1971 : la convertibilité du dollar est “temporairement” suspendue…. …mais… la suspension dure encore !
La remarquable histoire des frères Warburg
À l’aube de la Première Guerre mondiale, Max Warburg, basé à Hambourg, dirigeait la banque familiale M. M. Warburg & Co. et était un conseiller influent du Kaiser Guillaume II en Allemagne, tandis que son frère Paul Warburg, émigré aux États-Unis, jouait un rôle clé dans la création de la Réserve fédérale américaine en 1913 et en fut un membre fondateur.
Cette situation, où deux frères occupaient des positions de premier plan dans les banques centrales de nations belligérantes (Allemagne et États-Unis) au moment où la guerre éclata en 1914, est présentée par Werner comme un exemple frappant des liens transnationaux entre élites financières, dépassant les rivalités nationales. Werner souligne que cette dualité illustre comment les grandes dynasties bancaires, comme les Warburg, ont pu influencer les politiques monétaires et économiques à une échelle mondiale, souvent au détriment des intérêts des populations ordinaires.
Il suggère que cette configuration a permis une coordination implicite ou une exploitation des conflits pour des gains financiers, bien que les preuves directes de telles intentions restent sujettes à débat et à interprétation. Cette anecdote s’aligne avec sa critique plus large du système bancaire, où la création monétaire par les banques privées sert des intérêts spécifiques plutôt que le bien commun.
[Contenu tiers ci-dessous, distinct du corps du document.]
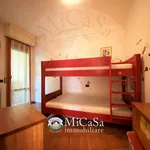 Rent 3 bedroom apartment of 65 m² in Pisa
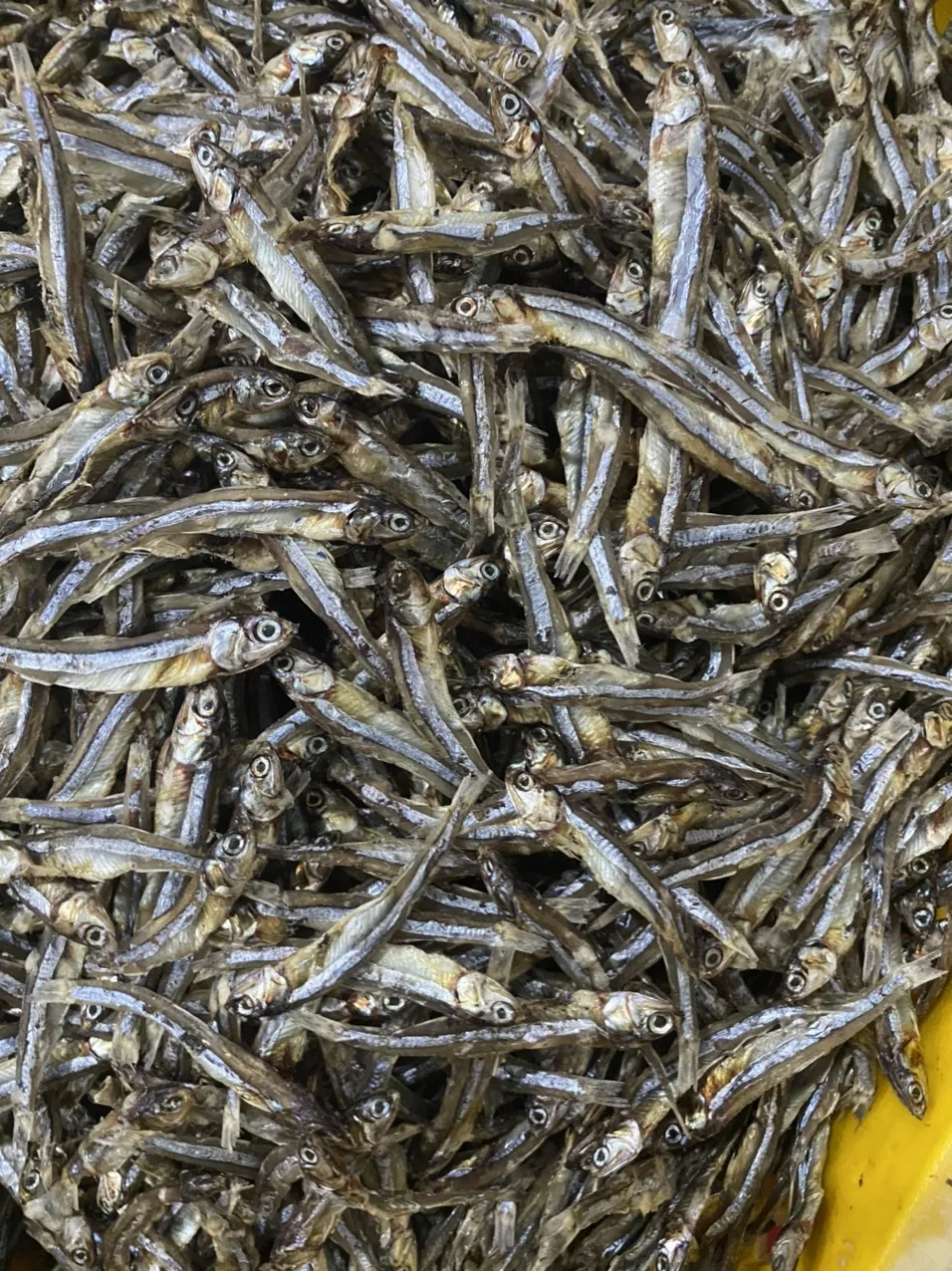 Vietnamese High Quality Dried Anchovy Fish With Head// Ms Jasmine ...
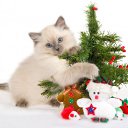 ���� Angel, ������-��-����, 37 ��� - ��������� 13 ������ 2011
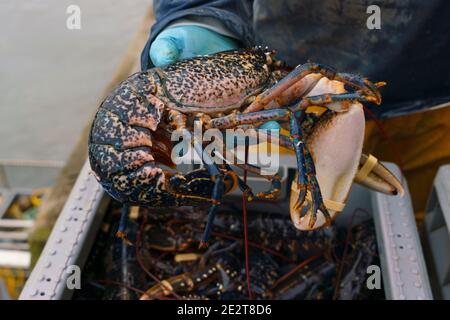 Pittenweem, Schottland, Großbritannien. 15. Januar 2021. Frische Meeresfrüchte, Krabben und Hummer landeten heute Morgen im Hafen von Pittenweem in Fife. Fischer Nick Irvine hat zwei Boote, die Muscheln, Garnelen, Samtkrabben, braune Krabben und Hummer fangen. Ein großer Teil seines Fisches wird nach Asien exportiert und ist zu dieser Zeit des Jahres wegen des bevorstehenden chinesischen Neujahrs beschäftigt, das Nachfrage und Preise erhöht. Dies hat dazu beigetragen, die Probleme bei der Ausfuhr in die EU aufgrund neuer Vorschriften auszugleichen. PIC; Nick Irvine hält frischen Hummer. Iain Masterton/Alamy Live News Stockfoto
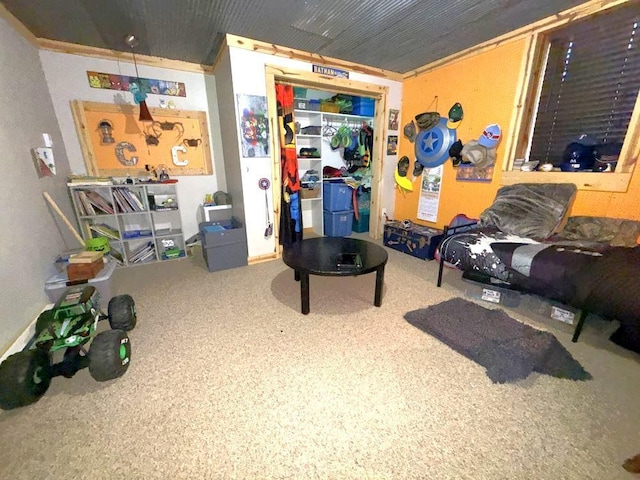 25250 County Road 113, Detroit Lakes, MN 56501 - photo 36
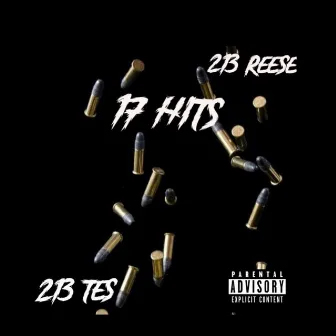 17 Hits by 213Reese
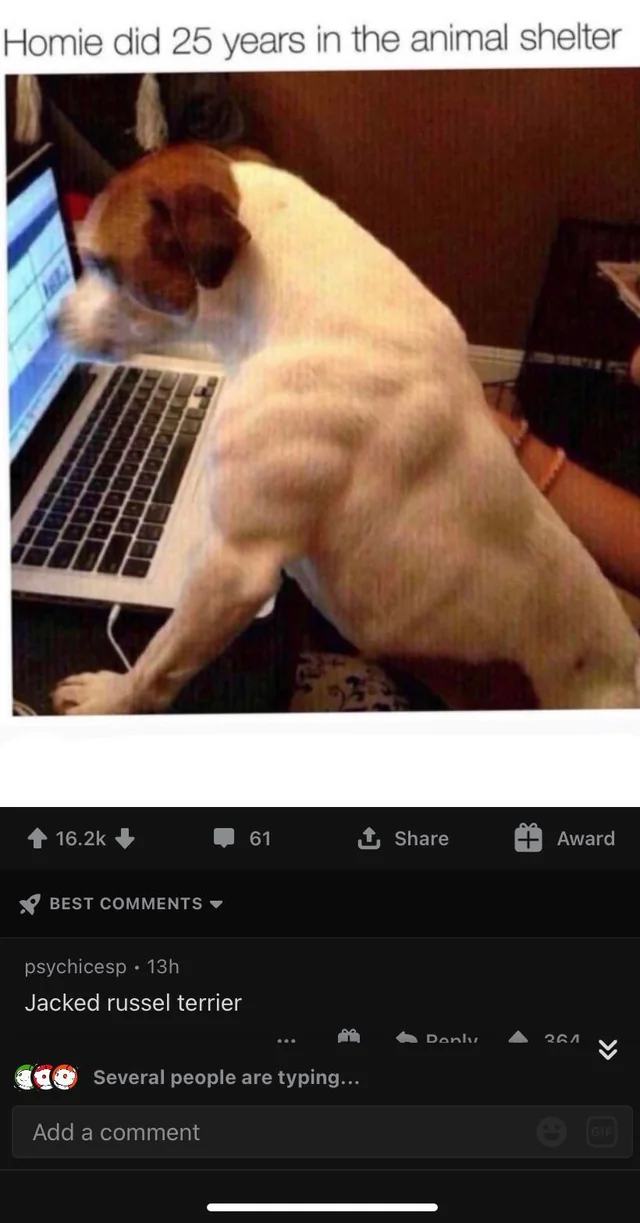 24 Instances Where Funny Comments Outshone the Posts 8 Homie did 25 years - Funny Comments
L’histoire des frères Warburg, originaires d’une famille bancaire juive allemande remontant à 1798, met en lumière leur ascension : Max resta en Allemagne, conseillant le gouvernement impérial, tandis que Paul, naturalisé américain en 1911, contribua à moderniser le système bancaire américain. Werner utilise cette histoire pour appuyer son argument selon lequel les banques centrales et les institutions financières privées ont historiquement agi comme des acteurs transnationaux, parfois en contradiction avec les intérêts nationaux, un thème qu’il relie à sa proposition de décentraliser le système bancaire pour limiter ces concentrations de pouvoir.